■ **DIRECTIONS FOR THIS TASK**: Copy each line of the data beneath in which the word "clip" appears.

■ **MATERIAL SHOWN**:
-=-=-

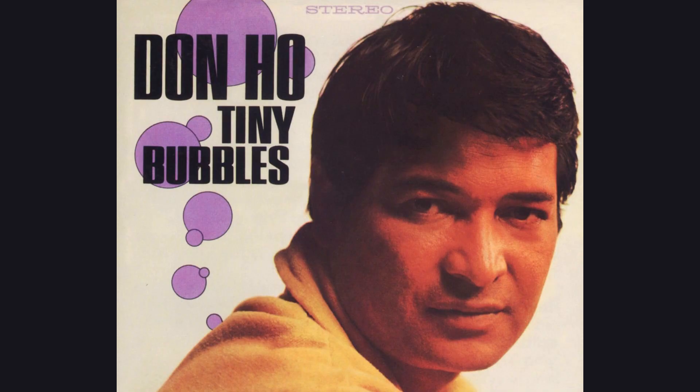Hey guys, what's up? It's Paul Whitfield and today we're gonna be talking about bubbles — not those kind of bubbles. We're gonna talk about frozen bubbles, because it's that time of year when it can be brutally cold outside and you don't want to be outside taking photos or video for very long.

-=-=-

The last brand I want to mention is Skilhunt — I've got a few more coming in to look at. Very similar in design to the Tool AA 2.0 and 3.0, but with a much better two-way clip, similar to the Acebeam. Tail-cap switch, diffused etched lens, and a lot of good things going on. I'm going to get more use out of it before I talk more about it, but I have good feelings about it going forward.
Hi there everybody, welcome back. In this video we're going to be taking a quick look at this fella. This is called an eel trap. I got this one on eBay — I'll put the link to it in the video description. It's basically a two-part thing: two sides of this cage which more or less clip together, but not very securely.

-=-=-

■ **ANSWER TO THE EXERCISE**:
The last brand I want to mention is Skilhunt — I've got a few more coming in to look at. Very similar in design to the Tool AA 2.0 and 3.0, but with a much better two-way clip, similar to the Acebeam. Tail-cap switch, diffused etched lens, and a lot of good things going on. I'm going to get more use out of it before I talk more about it, but I have good feelings about it going forward.
Hi there everybody, welcome back. In this video we're going to be taking a quick look at this fella. This is called an eel trap. I got this one on eBay — I'll put the link to it in the video description. It's basically a two-part thing: two sides of this cage which more or less clip together, but not very securely.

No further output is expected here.